====== RECORDED DATA ======
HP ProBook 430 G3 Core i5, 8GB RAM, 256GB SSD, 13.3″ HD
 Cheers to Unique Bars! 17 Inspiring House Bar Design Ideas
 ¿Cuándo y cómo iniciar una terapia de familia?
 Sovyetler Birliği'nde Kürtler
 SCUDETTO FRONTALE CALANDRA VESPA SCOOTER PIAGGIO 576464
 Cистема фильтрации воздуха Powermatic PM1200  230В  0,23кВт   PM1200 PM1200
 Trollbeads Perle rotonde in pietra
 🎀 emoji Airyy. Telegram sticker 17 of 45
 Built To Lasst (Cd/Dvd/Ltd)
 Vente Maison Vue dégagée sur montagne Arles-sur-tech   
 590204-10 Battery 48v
======
WORK ORDER
Your task is to retype, exactly and only, the lines from the one with "Cистема фильтрации воздуха" through the final line above.

RESPONSE AREA
 Cистема фильтрации воздуха Powermatic PM1200  230В  0,23кВт   PM1200 PM1200
 Trollbeads Perle rotonde in pietra
 🎀 emoji Airyy. Telegram sticker 17 of 45
 Built To Lasst (Cd/Dvd/Ltd)
 Vente Maison Vue dégagée sur montagne Arles-sur-tech   
 590204-10 Battery 48v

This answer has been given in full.